» **EXERCISE BRIEF**: The complete listing should be copied out exactly.

═══ MATERIAL FOR THIS TASK ═══

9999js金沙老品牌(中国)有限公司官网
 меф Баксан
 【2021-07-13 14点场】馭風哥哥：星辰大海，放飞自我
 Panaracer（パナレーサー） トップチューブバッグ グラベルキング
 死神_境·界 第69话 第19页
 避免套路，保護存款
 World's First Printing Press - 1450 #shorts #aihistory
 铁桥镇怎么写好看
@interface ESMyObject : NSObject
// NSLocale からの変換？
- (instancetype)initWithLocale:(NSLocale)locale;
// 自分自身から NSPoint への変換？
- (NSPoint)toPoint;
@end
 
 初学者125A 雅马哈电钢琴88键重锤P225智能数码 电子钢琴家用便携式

═══

» **ANSWER TO THE PROBLEM**:
9999js金沙老品牌(中国)有限公司官网
 меф Баксан
 【2021-07-13 14点场】馭風哥哥：星辰大海，放飞自我
 Panaracer（パナレーサー） トップチューブバッグ グラベルキング
 死神_境·界 第69话 第19页
 避免套路，保護存款
 World's First Printing Press - 1450 #shorts #aihistory
 铁桥镇怎么写好看
@interface ESMyObject : NSObject
// NSLocale からの変換？
- (instancetype)initWithLocale:(NSLocale)locale;
// 自分自身から NSPoint への変換？
- (NSPoint)toPoint;
@end
 
 初学者125A 雅马哈电钢琴88键重锤P225智能数码 电子钢琴家用便携式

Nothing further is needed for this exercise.